In it, Mr. Nashiri would have admitted to his specific role in the attack and a military panel would have decided a sentence in the range of 20 years to life in prison. Victims would have testified to their loss, and defense lawyers and the defendant could have offered arguments for leniency that would probably have included descriptions of his torture.

Paul Abney, a retired Navy master chief who survived the blast, said on Thursday that he had supported the plea bargain to resolve the case sooner “mainly for the family members, and for the survivors. It’s been a long, drawn-out process.”

“There may be families that want to see the death penalty,” he said. “Personally, I’d just like to see an end to this, to get some accountability and to give some finality to this thing.”

Mr. Abney said he would attend the trial at Guantánamo Bay to represent the ship, those who had died and survivors who find the trip too painful.

The prosecutors, who were led by 2 U.S. Navy lawyers, “wanted the plea deal,” Mr. Abney said, and “they spent a lot of time working on that.”

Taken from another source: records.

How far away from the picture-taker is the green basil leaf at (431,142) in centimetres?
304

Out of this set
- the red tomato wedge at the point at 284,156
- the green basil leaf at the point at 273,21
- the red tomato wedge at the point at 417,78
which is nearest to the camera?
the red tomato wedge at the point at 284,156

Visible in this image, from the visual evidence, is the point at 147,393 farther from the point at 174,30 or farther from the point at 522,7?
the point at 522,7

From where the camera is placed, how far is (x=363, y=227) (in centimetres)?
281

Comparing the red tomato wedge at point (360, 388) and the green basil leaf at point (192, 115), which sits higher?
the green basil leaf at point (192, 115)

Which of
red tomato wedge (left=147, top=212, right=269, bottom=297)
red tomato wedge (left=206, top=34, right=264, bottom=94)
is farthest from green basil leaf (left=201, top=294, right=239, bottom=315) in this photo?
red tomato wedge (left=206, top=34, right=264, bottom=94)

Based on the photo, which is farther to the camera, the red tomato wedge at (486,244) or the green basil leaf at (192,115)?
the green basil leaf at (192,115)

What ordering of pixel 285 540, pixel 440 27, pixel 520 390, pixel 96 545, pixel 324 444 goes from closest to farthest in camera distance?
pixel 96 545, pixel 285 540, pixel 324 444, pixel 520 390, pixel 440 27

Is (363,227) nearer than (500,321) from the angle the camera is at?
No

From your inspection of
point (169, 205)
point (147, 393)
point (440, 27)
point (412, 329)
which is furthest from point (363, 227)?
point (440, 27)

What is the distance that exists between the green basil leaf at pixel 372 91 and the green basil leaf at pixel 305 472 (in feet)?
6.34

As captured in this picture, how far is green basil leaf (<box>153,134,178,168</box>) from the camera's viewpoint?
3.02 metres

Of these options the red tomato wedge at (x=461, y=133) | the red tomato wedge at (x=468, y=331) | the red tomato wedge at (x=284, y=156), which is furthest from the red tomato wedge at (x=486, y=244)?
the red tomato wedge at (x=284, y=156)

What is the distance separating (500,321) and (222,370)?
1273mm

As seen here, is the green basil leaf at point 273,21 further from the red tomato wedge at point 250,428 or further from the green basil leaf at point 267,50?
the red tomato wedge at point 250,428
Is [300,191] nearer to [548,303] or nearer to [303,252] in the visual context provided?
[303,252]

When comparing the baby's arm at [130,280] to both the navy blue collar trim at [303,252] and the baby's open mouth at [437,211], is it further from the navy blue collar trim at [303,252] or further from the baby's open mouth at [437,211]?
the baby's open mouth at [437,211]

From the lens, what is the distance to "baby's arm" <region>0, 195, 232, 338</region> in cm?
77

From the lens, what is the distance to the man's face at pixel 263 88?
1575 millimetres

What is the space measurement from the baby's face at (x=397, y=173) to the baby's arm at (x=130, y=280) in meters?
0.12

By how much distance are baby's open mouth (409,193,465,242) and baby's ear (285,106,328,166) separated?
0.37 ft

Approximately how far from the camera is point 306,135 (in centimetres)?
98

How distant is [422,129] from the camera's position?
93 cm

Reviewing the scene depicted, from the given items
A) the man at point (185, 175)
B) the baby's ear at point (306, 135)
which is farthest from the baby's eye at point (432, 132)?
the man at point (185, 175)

The chief prosecutor, Rear Adm. Aaron C. Rugh, and the lead prosecutor, Capt. Timothy J. Stinson, declined to comment on the decision.

The case against Mr. Nashiri is the longest-running capital case at Guantánamo Bay. It is a precursor to the better-known Sept. 11 case, in which 5 men are charged with conspiring in the 2001 attacks that killed nearly 3,000 people — and still has no trial date.

After Mr. Nashiri’s lawyers obtained material describing his torture, they managed to get the military judge to exclude a key confession from Mr. Nashiri as tainted by his torture. Prosecutors then appealed to reinstate the evidence, but lost.

As a result, much of the trial evidence will likely involve U.S. agents testifying about people they questioned at the time in Yemen, financial transactions and other documents they tied to an alias for Mr. Nashiri, who is accused of helping the bombers acquire vessels, explosives and safe houses.

Mr. Nashiri’s lawyer, Allison F. Miller, said the deal “would have brought actual finality to a nearly 26-year-old crime.” Instead, she said, if Mr. Nashiri is convicted, “this case will likely last through decades of appellate and post-conviction litigation.”

Ms. Miller predicted that the trial itself would air “the horrors perpetuated against Mr. al-Nashiri by the American government.”

Testimony in the pretrial phase has shown that C.I.A. staff and contractors subjected him to waterboarding, rectal abuse and sleep deprivation, among other “enhanced interrogation techniques” to make sure he would cooperate with his interrogators.

https://www.nytimes.com/2026/02/05/us/politics/cole-bombing-plea-deal-rejected.html

(Source: New York Times, 05/02/2026)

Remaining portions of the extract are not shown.